Understanding what you're doing is important, but all too often I've seen organisations spend far too much time debating what they mean by Business Continuity, rather than agreeing some basic terms and getting on with it! In this post, we'll work on the principle that Disaster Recovery is the act of preparing for recovery or continuation of critical IT components after a disaster (natural or otherwise) and that Business Continuity is the larger process of ensuring that all aspects of the business keep functioning. For example, a Business Continuity Plan might involve identifying the risks faced by critical business functions and identifying the IT components they rely upon. Meanwhile, Disaster Recovery is focussed on ensuring that there's sufficient fault tolerance and backups to meet the requirements of the Business Continuity Plan.
What do I need to do?
Your manager might prefer you call it a Business Impact Assessment (BIA), but I'd suggest you probably need to identify all the business functions within your organisation, assign each a level of importance and then work out what IT components these systems depend on. You can make this job as big and as complicated as you like, but at the end the day, you need to gain agreement with the business about what's important to them. The two fundamental measurements in Business Continuity are the:
- Recovery Time Objective (RTO): How quickly must we restore a business function after a disruption or disaster before it causes "unacceptable consequences" to the dd
- Recovery Point Objective (RPO): The maximum window of time before a disruption or disaster during which data may be lost.
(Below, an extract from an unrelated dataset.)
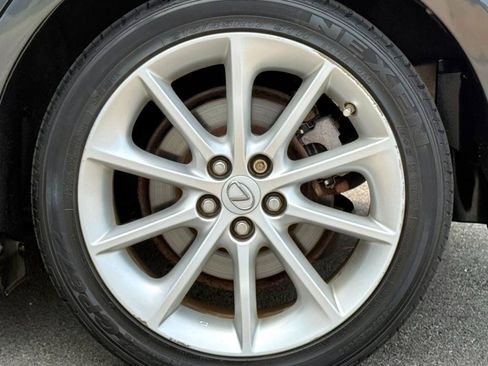 Used 2011 Lexus CT 200h Premium FWD image 25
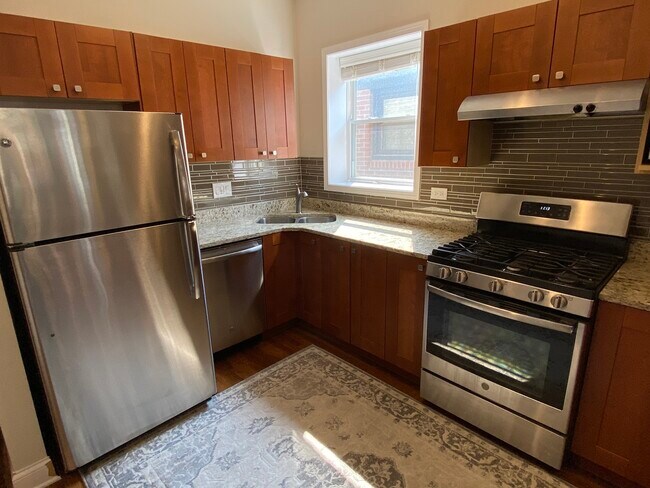 Building Photo - 2417 N Ridgeway Ave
The usual mistake is that IT ask the business what level of "uptime" is required and how much data loss is acceptable. Of course, the answer is almost always "100% uptime with zero data loss" - usually without any real understanding of what that might involve either technically or financially! A useful way of getting the facts is to ask the question in a different way:
If we had a major disaster right now, how long would our business survive without this particular business function? An hour? A day? A week? What would the impact be if we lost the last minute of transactions? What about the last hour? The last day?
Now all you have to do is review the IT components that each business function depends upon and ensure you can meet the agreed Recovery Time Objective (RTO) and Recovery Point Objective (RPO). That might sound like a cop out, but there's a vast array of documented solutions out there for introducing fault tolerance to an IT system. However, its very likely that you'll need to take a serious look at how quickly you could recover from a disaster. Also, once you've identified a critical business function and analysed all the IT components it depends on, you'll often find out that there's some long forgotten line-of-business application that's sitting on a single ancient server in the corner of the server room that turns out to be critical to the success of the business!
Why should I go to all this hassle?
From an IT perspective, the key purpose of the Business Impact Assessment is to understand the real requirements of the business in terms of fault tolerance and data backups. More importantly, done right, its an opportunity to clearly document the expectations of the business in a measurable fashion. This empowers the IT team to:
- Correctly design IT systems to ensure they have "sufficient and necessary" levels of fault tolerance.* Put the right backup mechanisms and schedules in place to ensure you can recover from a disaster.
- Justify the IT costs associated with additional servers, storage, vendor support contracts, etc.
- Sleep sound at night knowing that if disaster does strike, then you have it in black & white what was expected of you.